Dopo la pace di Praga, il timore mai sopito della Francia di rivivere l’accerchiamento da parte degli Asburgo, come era accaduto ai tempi di Carlo V, spinsero Luigi XIII e il suo potente primo ministro, il cardinale Richelieu, a intervenire direttamente nel conflitto, dopo avere già sostenuto a lungo la causa protestante, fornendo per esempio supporto agli svizzeri nel loro sforzo di rintuzzare i tentativi spagnoli di impadronirsi della Valtellina.

 

L’intervento della Francia, potenza cattolica, contro la coalizione ispano-imperiale, metteva chiaramente in luce come le motivazioni religiose della guerra contassero assai meno delle ben più concrete ambizioni egemoniche dei contendenti. L’entrata in guerra della Francia mutò gli equilibri della guerra che iniziarono a essere sfavorevoli agli Asburgo, le cui armate subirono una sconfitta decisiva il 19 maggio 1643 a Rocroi, nelle Ardenne, ad opera dell’esercito transalpino guidato da Luigi di Borbone, detto il Gran Condè, Maresciallo di Francia.

 

La sconfitta degli ispano-imperiali portò finalmente i belligeranti, stanchi di un conflitto che si trascinava da ormai tre decenni, a intavolare trattative di pace.

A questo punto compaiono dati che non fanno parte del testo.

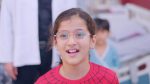 Hui Gumm Yaadein Ek Doctor Do Zindagiyan 28th July 2026 Spider Man To Jessi’s Rescue Episode 98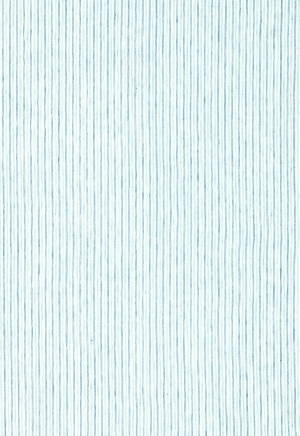 ModernPlaid Wallpaper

Nel 1648 furono firmati i trattati di Münster e di Osnabrück, collettivamente conosciuti come Pace di Vestfalia. Essa chiuse la stagione delle guerre di religione in Europa, sanzionando in modo irrevocabile il fallimento asburgico di dare coesione alla compagine imperiale e di ricondurre al cattolicesimo le regioni tedesche che avevano abbracciato la Riforma.

 

I due blocchi, cattolico e protestante, rinunciarono definitivamente l’uno a convertire o a riconvertire l’altro. La pace di Vestfalia riconobbe la definitiva indipendenza delle province Unite, che si avviano a diventare la maggiore potenza economica e commerciale d’Europa, oltre che l’egemonia regionale della Svezia nel Baltico, che durerà fino all’affermazione della potenza russa all’inizio del XVIII secolo. Proseguì ancora per un decennio la guerra franco-spagnola, che terminerà nel 1659 con la Pace dei Pirenei, che farà della Francia del giovane Luigi XIV la potenza egemone del continente al posto della Spagna

La guerra dei trent’anni rappresenta l’ultimo tentativo, fallito, di realizzare l’unità politica e religiosa del continente europeo sotto lo scettro imperiale. Al contrario con la pace di Vestfalia si afferma il principio secondo il quale ogni stato si proclama indipendente e sovrano non riconoscendo alcuna fonte di autorità superiore alla propria, il che riduce l’Impero a una finzione giuridica. Questo principio della convivenza internazionale è tuttora alla base dell’attuale sistema degli stati, tanto che si parla ancora oggi di “sistema internazionale vestfaliano”.